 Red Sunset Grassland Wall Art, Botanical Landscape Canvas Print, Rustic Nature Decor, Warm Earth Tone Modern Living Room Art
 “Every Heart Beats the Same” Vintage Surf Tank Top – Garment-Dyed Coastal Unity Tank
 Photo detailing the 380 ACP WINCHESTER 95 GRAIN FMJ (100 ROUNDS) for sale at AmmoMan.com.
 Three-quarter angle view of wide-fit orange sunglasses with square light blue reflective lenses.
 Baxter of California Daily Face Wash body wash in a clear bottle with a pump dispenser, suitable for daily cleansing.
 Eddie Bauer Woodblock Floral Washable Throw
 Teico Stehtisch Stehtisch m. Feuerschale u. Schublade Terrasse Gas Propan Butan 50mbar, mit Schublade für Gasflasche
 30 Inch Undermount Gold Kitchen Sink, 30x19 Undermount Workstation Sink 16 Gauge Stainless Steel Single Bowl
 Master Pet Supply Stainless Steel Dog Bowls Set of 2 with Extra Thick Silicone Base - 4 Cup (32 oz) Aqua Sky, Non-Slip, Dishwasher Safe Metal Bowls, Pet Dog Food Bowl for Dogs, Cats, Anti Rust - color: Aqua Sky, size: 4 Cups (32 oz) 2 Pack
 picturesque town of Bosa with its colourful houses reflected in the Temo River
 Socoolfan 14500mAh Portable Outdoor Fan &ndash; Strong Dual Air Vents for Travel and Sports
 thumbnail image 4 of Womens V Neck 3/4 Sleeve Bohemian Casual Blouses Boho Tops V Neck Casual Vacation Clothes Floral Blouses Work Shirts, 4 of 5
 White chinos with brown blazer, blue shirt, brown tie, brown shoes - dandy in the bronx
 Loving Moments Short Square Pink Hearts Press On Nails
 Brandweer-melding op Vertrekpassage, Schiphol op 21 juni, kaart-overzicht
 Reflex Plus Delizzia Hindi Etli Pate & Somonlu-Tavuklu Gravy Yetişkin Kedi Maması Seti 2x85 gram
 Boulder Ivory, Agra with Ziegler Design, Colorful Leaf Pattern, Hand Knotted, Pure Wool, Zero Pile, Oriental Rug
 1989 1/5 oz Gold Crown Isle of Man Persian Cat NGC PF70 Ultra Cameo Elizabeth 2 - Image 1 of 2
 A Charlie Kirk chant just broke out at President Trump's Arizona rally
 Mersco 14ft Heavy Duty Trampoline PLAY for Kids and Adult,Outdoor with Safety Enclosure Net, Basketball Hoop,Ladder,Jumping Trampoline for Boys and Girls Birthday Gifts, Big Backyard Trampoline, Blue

- WHAT YOU SHOULD DO:
Can you restate every record above word for word?

- SOLUTION FOR THIS PROBLEM:
 Red Sunset Grassland Wall Art, Botanical Landscape Canvas Print, Rustic Nature Decor, Warm Earth Tone Modern Living Room Art
 “Every Heart Beats the Same” Vintage Surf Tank Top – Garment-Dyed Coastal Unity Tank
 Photo detailing the 380 ACP WINCHESTER 95 GRAIN FMJ (100 ROUNDS) for sale at AmmoMan.com.
 Three-quarter angle view of wide-fit orange sunglasses with square light blue reflective lenses.
 Baxter of California Daily Face Wash body wash in a clear bottle with a pump dispenser, suitable for daily cleansing.
 Eddie Bauer Woodblock Floral Washable Throw
 Teico Stehtisch Stehtisch m. Feuerschale u. Schublade Terrasse Gas Propan Butan 50mbar, mit Schublade für Gasflasche
 30 Inch Undermount Gold Kitchen Sink, 30x19 Undermount Workstation Sink 16 Gauge Stainless Steel Single Bowl
 Master Pet Supply Stainless Steel Dog Bowls Set of 2 with Extra Thick Silicone Base - 4 Cup (32 oz) Aqua Sky, Non-Slip, Dishwasher Safe Metal Bowls, Pet Dog Food Bowl for Dogs, Cats, Anti Rust - color: Aqua Sky, size: 4 Cups (32 oz) 2 Pack
 picturesque town of Bosa with its colourful houses reflected in the Temo River
 Socoolfan 14500mAh Portable Outdoor Fan &ndash; Strong Dual Air Vents for Travel and Sports
 thumbnail image 4 of Womens V Neck 3/4 Sleeve Bohemian Casual Blouses Boho Tops V Neck Casual Vacation Clothes Floral Blouses Work Shirts, 4 of 5
 White chinos with brown blazer, blue shirt, brown tie, brown shoes - dandy in the bronx
 Loving Moments Short Square Pink Hearts Press On Nails
 Brandweer-melding op Vertrekpassage, Schiphol op 21 juni, kaart-overzicht
 Reflex Plus Delizzia Hindi Etli Pate & Somonlu-Tavuklu Gravy Yetişkin Kedi Maması Seti 2x85 gram
 Boulder Ivory, Agra with Ziegler Design, Colorful Leaf Pattern, Hand Knotted, Pure Wool, Zero Pile, Oriental Rug
 1989 1/5 oz Gold Crown Isle of Man Persian Cat NGC PF70 Ultra Cameo Elizabeth 2 - Image 1 of 2
 A Charlie Kirk chant just broke out at President Trump's Arizona rally
 Mersco 14ft Heavy Duty Trampoline PLAY for Kids and Adult,Outdoor with Safety Enclosure Net, Basketball Hoop,Ladder,Jumping Trampoline for Boys and Girls Birthday Gifts, Big Backyard Trampoline, Blue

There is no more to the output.